> **Directions for this task**
An exact copy of the lines from the top of the data through the line with "Women's Backless Shapewear" is what you should give, with no pictures in it.

Scraped caption text data:
---

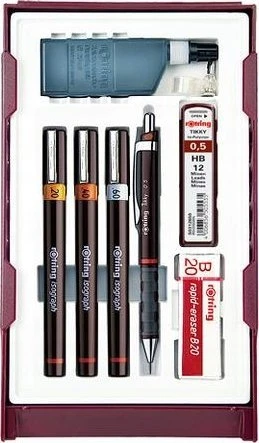 Rapitografai (izografai) Rotring Combi College 0,2 / 0,4 / 0,6 mm - S0699390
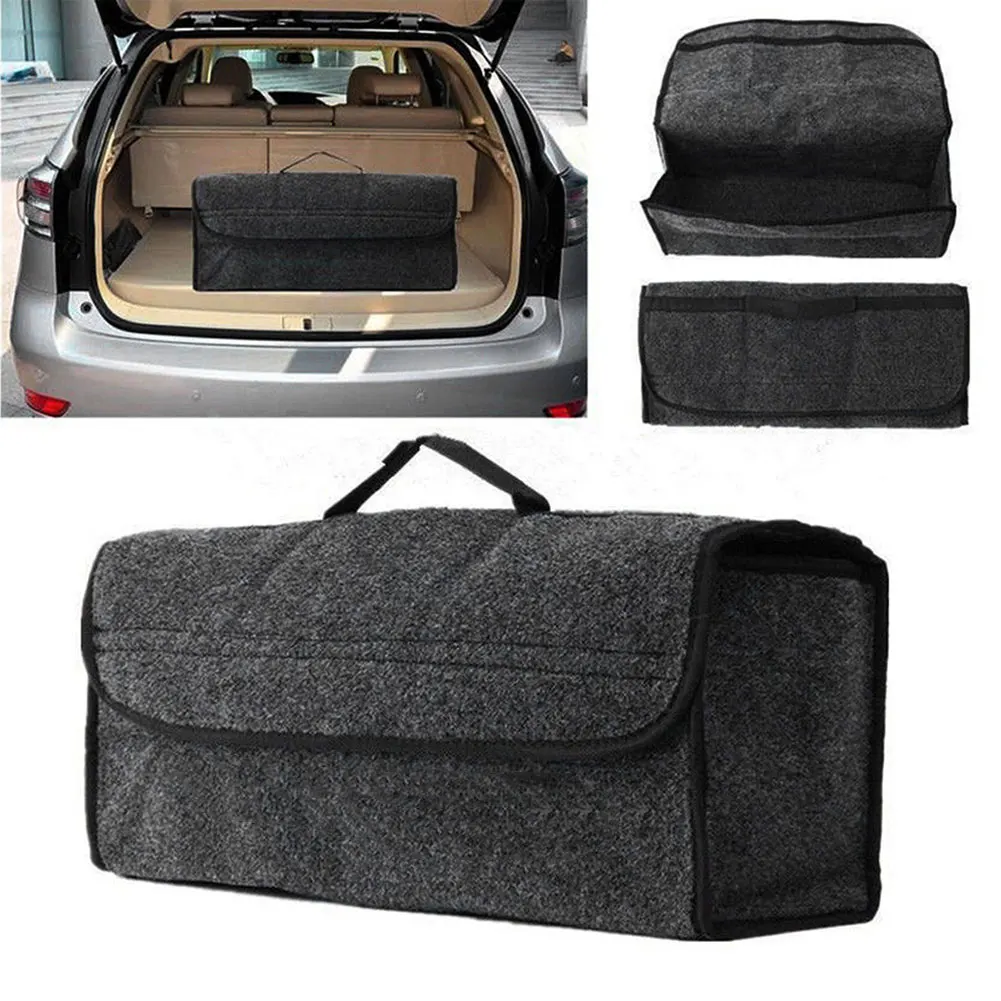 Portable Foldable Car Storage Bag Felt Cloth Trunk Organizer Collapsible SUV Auto font b Interior b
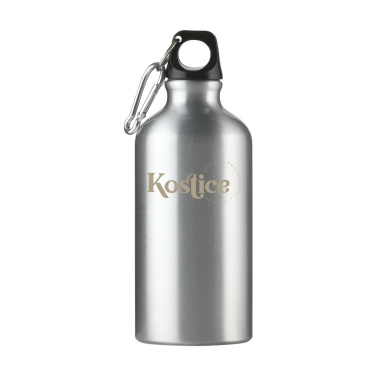 Logo trade business gifts image of: AluMini GRS Recycled 500 ml water bottle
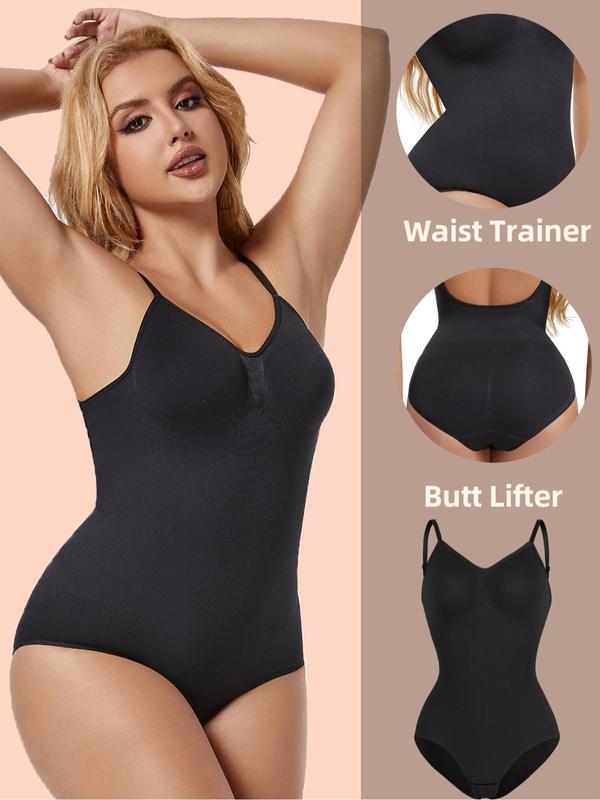 Women's Backless Shapewear Bodysuit, High Stretch Seamless Tummy Control Shaper, Tummy Tuck Corset Bodysuit for Daily Wear, Ladies Shapewear for All Seasons, Bodysuits for Women, Tummy Control Bodysuit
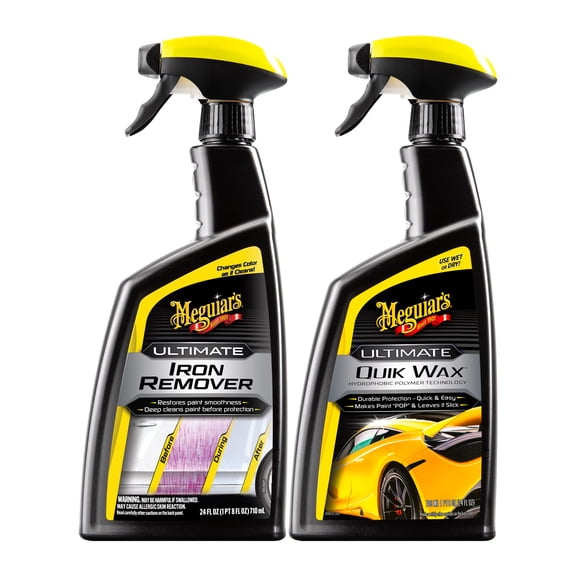 Meguiar's Ultimate Iron Remover and Quik Wax Spray Bundle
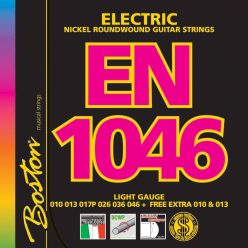   EN-1046 Boston  string set electric, nickel roundwound, light, 010-013-017-026-036-046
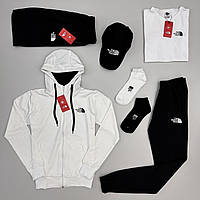 Набір 7в1 the north face кофта-штани-футболка-шорти-кепка-2пари носки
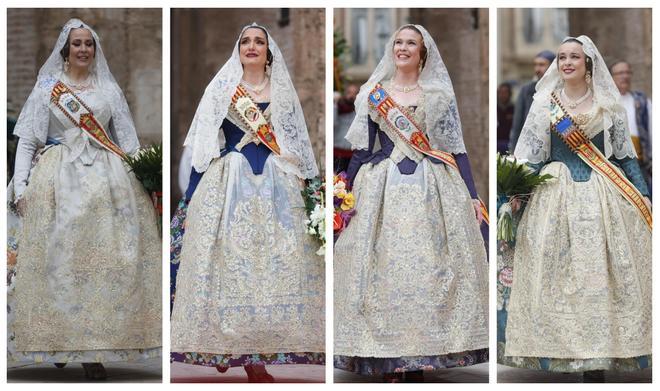 Falleras Mayores en la Ofrenda 2025. Día 17 (2/4)
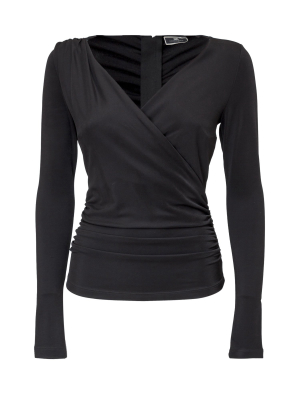 Elisabetta Franchi V-neck Wrap Blouse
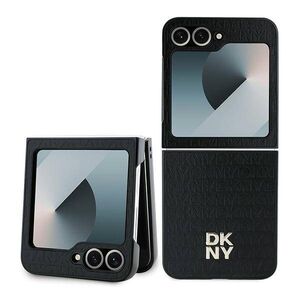 Original Case SAMSUNG GALAXY Z FLIP 6 DKNY Repeat Pattern Stack Logo (DKHCZF6PSHRPSK) black 3666339322939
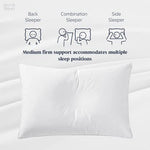 Puredown Goose Down and Feather Pillow Inserts for Sleeping, 100% Cotton Fabric Cover Bed Pillows, V541-PD-DP15021-Q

---

> **Response to the task**
 Rapitografai (izografai) Rotring Combi College 0,2 / 0,4 / 0,6 mm - S0699390
 Portable Foldable Car Storage Bag Felt Cloth Trunk Organizer Collapsible SUV Auto font b Interior b
 Logo trade business gifts image of: AluMini GRS Recycled 500 ml water bottle
 Women's Backless Shapewear Bodysuit, High Stretch Seamless Tummy Control Shaper, Tummy Tuck Corset Bodysuit for Daily Wear, Ladies Shapewear for All Seasons, Bodysuits for Women, Tummy Control Bodysuit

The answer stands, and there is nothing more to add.